Chronische Darmentzündungen können Betroffenen das Leben zur Hölle machen. Eine neue Studie legt nahe, dass ein Stoff aus dem Granatapfel gezielt Abhilfe schafft. Bei Mäusen zumindest funktioniert die Therapie schon.

In Deutschland leben Schätzungen zufolge über 300.000 Patienten mit chronisch-entzündlichen Darmerkrankungen wie Morbus Crohn oder Colitis ulcerosa. Betroffene leiden häufig unter Durchfall, Bauchkrämpfen, Gewichtsverlust, Appetitlosigkeit, Übelkeit, Erbrechen und Fieber. Auch offene Wunden im Mund sowie Entzündungen anderer Organe können als Folge von Darmkrankheiten auftreten.

Ein internationales Forscherteam aus den USA, Kanada und Indien konnte nun in Experimenten mit Mäusen nachweisen, dass ein in Granatäpfeln vorkommender Stoff nicht nur die Symptome lindern, sondern Entzündungen der Darmschleimhäute auch vorbeugen kann. Ihre Studie, die vom Wissenschaftsjournal "Nature" veröffentlicht wurde, könnte einen Durchbruch in der Erforschung von Therapiemöglichkeiten bedeuten.

Die Wissenschaftler verabreichten Mäusen mit künstlich induzierten Darmentzündungen den in dem Obst enthaltenen Wirkstoff Urulithin A sowie dessen künstlich hergestelltes Äquivalent UAS03. Im Vergleich zur Kontrollgruppe konnten sie feststellen, dass die Tiere weniger an Gewicht verloren als ihre kranken Artgenossen, die nicht mit dem Stoff behandelt wurden.
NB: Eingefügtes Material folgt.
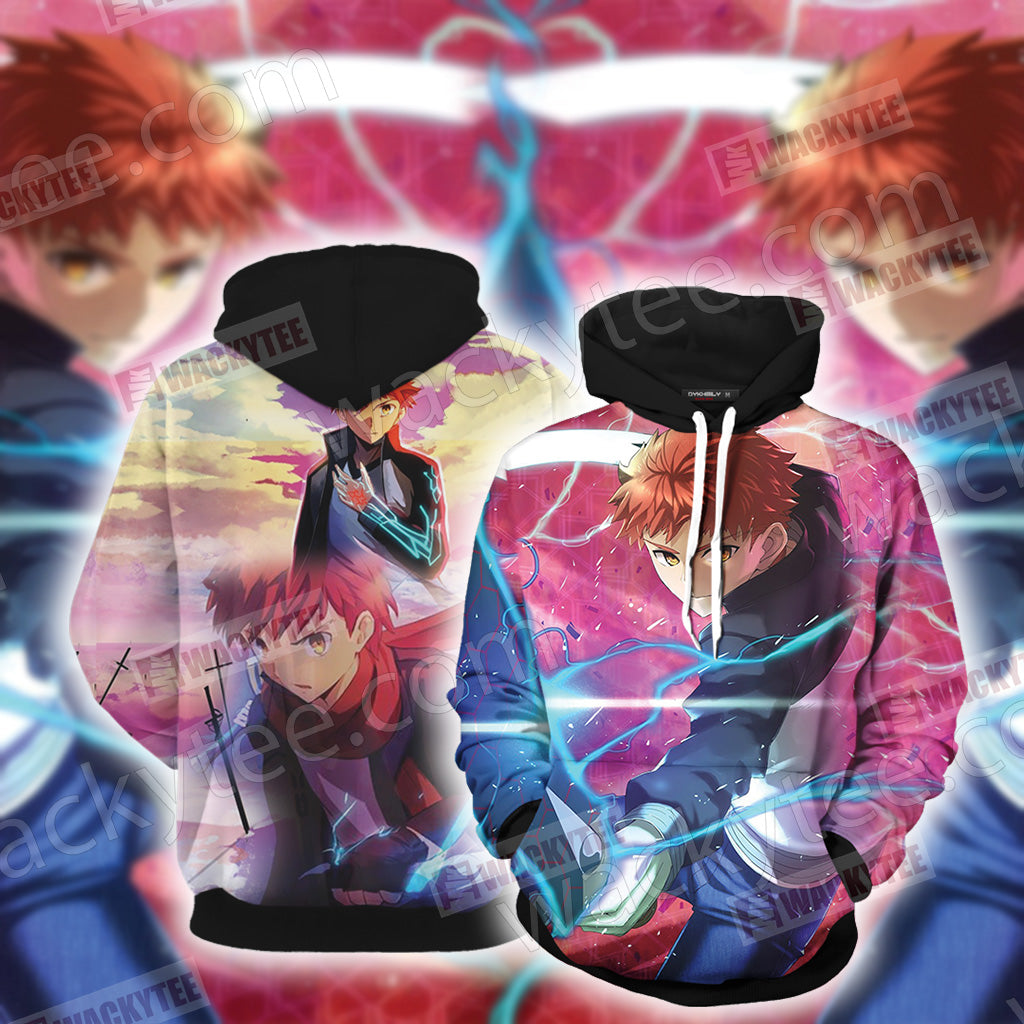 Fate/Stay Night Emiya Shirou 3D T-shirt Hoodie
Auch Blutuntersuchungen ergaben, dass die Entzündungen zurückgegangen waren. Dickdarmproben enthielten deutlich weniger geschädigtes Gewebe.

Erstaunliche Wirkung auf der Zellebene

Bei gesunden Mäusen stellte sich heraus, dass die Granatapfeldiät auch präventiv funktioniert: Die Labortiere zeigten sich nach Gabe von Urulithin A resistent gegen Versuche, die Krankheiten künstlich herbeizuführen.
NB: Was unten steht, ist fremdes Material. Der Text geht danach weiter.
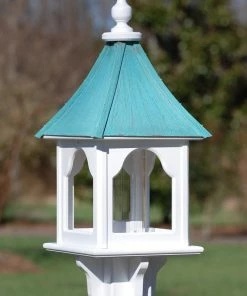 The Birdhouse Chick Copper Roof Square Bird Feeder - 28x10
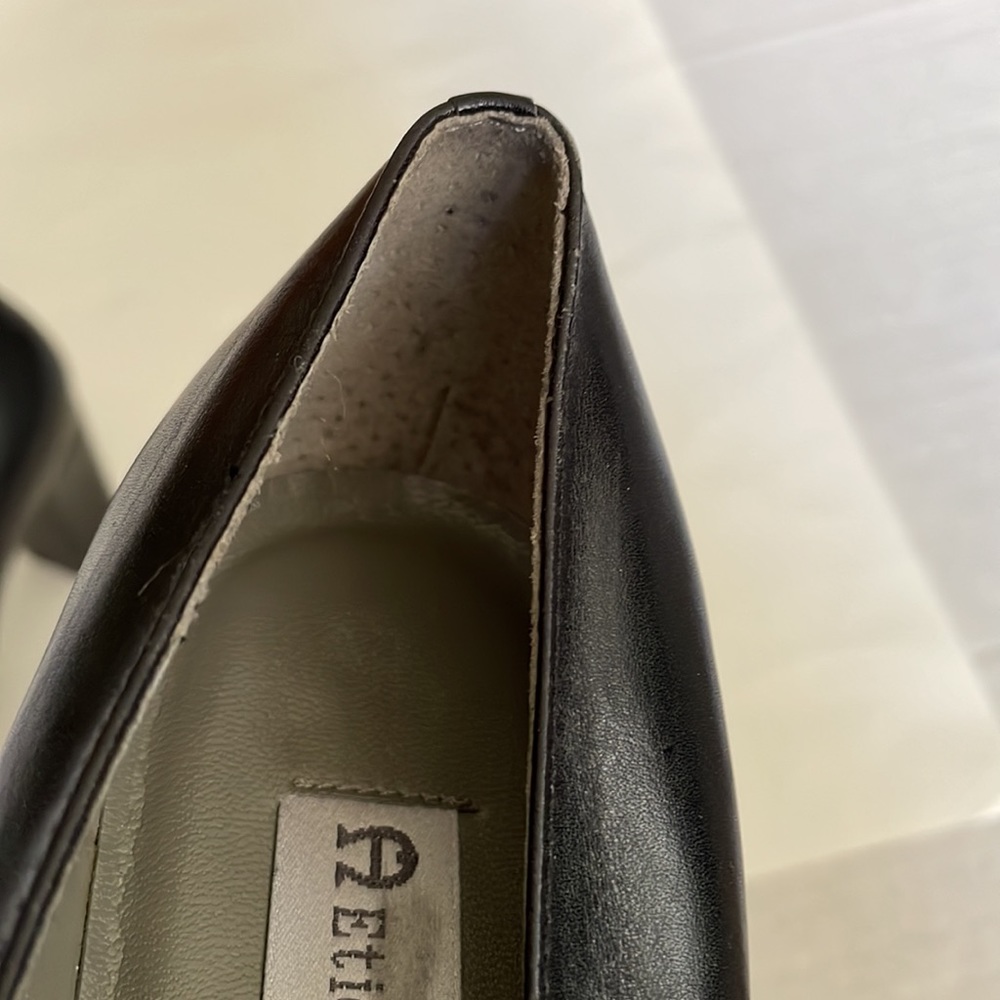 Etienne aigner black leather pumps heels size 8.5 - Picture 9 of 9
Die Erklärung für den positiven Effekt sehen die Autoren der Studie in einer zuvor unbekannten Eigenschaft des Urulithins: Es wirkt nicht nur entzündungshemmend, sondern trägt auch zur Heilung defekter Darmbarrieren bei. Sowohl das Urulithin A als auch UAS03 aktivieren an der Barriere Signalwege, deren Öffnung zu einer höheren Konzentration von sogenannten Tight-junction-Proteinen im Darm führt. Diese Proteine wiederum verschließen Zellzwischenräume in der Barriere, durch die Stoffe, die Entzündungsreaktionen hervorrufen, dann nicht mehr eindringen können.
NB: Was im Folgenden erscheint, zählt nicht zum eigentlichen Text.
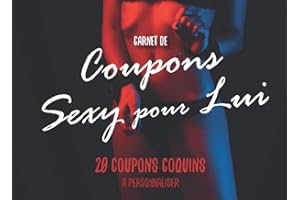 Coupons Sexy pour Lui: v1-1 | 20 Coupons coquins en Couleur à personnaliser pour homme | idée de cadeau pour couple Anniversaire Noel ou Saint Valentin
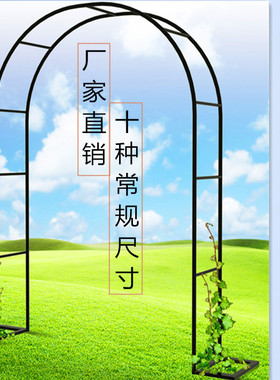 铁艺花架爬藤架花园别墅阳台植物支架铁线莲户外月季葡萄架拱门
Urulithine kommen auch in Erdbeeren und Himbeeren vor. Als Therapie könnten die Wirkstoffe jedoch auch in Reinform funktionieren: "Orale Behandlung mit UroA/UAS03 konnte systemische Entzündung und Colitis signifikant lindern", schreiben die Forscher. Dies lege ein therapeutisches Potenzial für die Behandlung chronisch-entzündlicher Darmerkrankungen nahe. Weitere Klinische Studien werden dieses Potenzial weiter untersuchen.